**Task requirements**. Find how many lines of the following entries contain "Wool". Reply with the number alone.

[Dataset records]
◇ ◇ ◇ ◇

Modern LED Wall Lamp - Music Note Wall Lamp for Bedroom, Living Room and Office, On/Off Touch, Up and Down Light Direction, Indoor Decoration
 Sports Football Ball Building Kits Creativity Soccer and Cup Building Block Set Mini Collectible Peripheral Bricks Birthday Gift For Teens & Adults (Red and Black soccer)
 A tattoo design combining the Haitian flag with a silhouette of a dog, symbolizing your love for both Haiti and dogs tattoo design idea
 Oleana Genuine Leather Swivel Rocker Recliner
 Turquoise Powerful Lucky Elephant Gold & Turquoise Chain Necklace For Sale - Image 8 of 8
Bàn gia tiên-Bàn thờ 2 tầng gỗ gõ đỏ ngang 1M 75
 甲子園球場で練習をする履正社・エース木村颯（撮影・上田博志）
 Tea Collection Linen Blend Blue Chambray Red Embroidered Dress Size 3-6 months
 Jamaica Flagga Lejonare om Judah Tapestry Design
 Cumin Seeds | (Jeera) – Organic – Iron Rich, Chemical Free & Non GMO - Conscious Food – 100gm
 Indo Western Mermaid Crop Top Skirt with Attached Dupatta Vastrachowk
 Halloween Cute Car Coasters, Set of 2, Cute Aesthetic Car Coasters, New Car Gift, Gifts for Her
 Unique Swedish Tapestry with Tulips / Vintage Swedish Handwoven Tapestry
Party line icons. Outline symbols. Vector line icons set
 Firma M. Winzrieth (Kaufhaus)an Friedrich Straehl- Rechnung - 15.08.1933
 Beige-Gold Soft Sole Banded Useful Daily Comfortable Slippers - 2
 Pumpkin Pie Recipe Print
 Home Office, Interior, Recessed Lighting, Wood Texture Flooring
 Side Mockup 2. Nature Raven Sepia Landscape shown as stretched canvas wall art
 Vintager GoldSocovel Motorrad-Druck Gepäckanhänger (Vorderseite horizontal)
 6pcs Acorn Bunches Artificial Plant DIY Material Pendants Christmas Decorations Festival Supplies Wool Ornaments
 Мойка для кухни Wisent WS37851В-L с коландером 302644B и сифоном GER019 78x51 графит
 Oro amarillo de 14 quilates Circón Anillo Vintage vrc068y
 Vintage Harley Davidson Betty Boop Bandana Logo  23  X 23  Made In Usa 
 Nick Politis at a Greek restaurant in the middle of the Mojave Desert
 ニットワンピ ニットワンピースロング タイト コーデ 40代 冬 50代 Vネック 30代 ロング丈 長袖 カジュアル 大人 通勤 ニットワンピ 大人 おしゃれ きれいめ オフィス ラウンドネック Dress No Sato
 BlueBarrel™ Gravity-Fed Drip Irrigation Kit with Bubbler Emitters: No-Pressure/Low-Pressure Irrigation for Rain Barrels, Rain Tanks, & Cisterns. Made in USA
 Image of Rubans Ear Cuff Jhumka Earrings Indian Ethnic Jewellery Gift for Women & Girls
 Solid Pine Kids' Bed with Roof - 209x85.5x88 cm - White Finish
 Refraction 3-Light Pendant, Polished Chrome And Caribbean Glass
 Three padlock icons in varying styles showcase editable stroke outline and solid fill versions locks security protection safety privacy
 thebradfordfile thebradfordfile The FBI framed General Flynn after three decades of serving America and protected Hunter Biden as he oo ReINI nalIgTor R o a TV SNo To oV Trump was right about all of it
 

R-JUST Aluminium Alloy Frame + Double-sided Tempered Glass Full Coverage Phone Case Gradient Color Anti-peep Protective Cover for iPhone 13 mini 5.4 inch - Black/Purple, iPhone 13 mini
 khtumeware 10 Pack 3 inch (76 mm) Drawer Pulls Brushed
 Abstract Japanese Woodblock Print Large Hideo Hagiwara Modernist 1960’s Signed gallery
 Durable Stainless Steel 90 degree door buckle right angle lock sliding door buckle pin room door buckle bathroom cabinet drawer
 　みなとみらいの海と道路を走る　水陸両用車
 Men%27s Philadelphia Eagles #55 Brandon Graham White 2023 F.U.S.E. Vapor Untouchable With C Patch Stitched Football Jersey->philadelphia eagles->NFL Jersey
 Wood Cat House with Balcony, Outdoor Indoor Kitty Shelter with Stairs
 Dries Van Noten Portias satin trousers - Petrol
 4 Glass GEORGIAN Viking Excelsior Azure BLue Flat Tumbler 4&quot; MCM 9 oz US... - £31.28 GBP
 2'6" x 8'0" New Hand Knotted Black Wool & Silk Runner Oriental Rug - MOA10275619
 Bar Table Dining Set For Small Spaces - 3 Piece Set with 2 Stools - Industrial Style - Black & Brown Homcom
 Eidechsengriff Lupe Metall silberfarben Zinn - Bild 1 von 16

◇ ◇ ◇ ◇

**Your solution**. 2